If I look back and think about how much prayer and praise
and perpetual adoration was going in that city for the five days of the
conference, it’s pretty amazing. Actually, it should have been Heaven on
Earth—maybe for many people it was. For me, this abundance of spiritual light
threw into sharp relief much of the darkness in the world and in me. I had
prayed Saturday afternoon at Holy Hour that we at the congress might see Christ
in the Eucharist and in each other more clearly. All throughout the rest of the
day, it became more and more clear how much I wasn’t doing that. Especially with regards to the homeless people
on the street. One man asked me for a euro to buy a hot meal and I gave him 50
cents because the alternative would have been a two euro piece. Immediately the
verse came into my mind: “the measure with which you measure will be measured
out to you” (cf. Mt 7:2).[1]
When I went back to night adoration a few hours later, the
light coming from the altar hit my body like a tangible force. Multiple huge
candelabras surrounded the altar on which Christ in the Blessed Sacrament
rested in a pearly white monstrance that just glowed in light of the spotlight.
Faced with all this glory, I felt small and full of darkness. As I knelt I
could just hear Jesus saying, “Now you’re kneeling in front of me, but when I
asked for a favor you only gave me half.” I was automatically praying Glory
Be’s, but my breath felt foul and hypocritical as the prayers crossed my lips.

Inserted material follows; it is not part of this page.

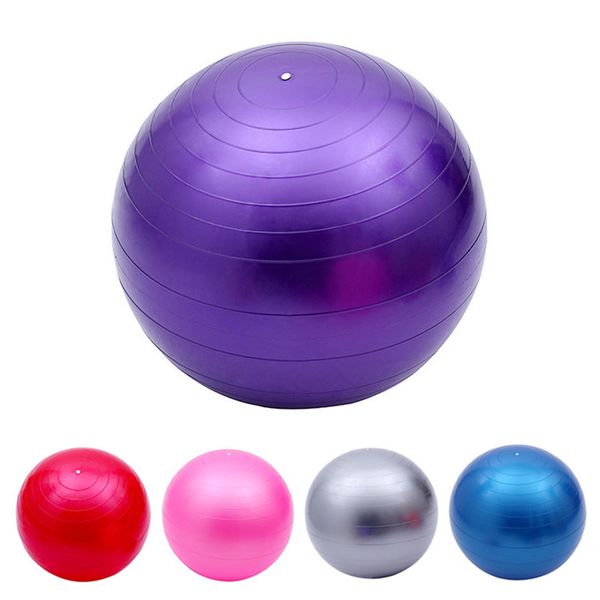 

haigym 45cm 55cm 65cm 75cm 85cm 95cm pvc sports yoga ball with pump for pilates fitness gym fitball exercise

But I kept praying—what else could I do? Ceasing to pray wouldn’t get me
anywhere either. All that I could do was to keep getting up again, every single
time I fell. I say that every time. Then it hit me that, because of Christ’s
love and his sacrifice, this getting up every single countless time is not
completely pointless. It’s only pointless when we give up. We can become better
people, with God’s help. God wants us to be righteous—fortunately he has the
power to make us so!
Later on, I was imagining telling my friends about the
incident with the homeless man. (I talk to people in my head a lot.) Being
fellow sinners, they may (or may not) have tried to brush away my guilty
feelings or justify my actions to make me feel better. Why wasn’t I imagining
telling Jesus about these things? Because he would have done none of the above.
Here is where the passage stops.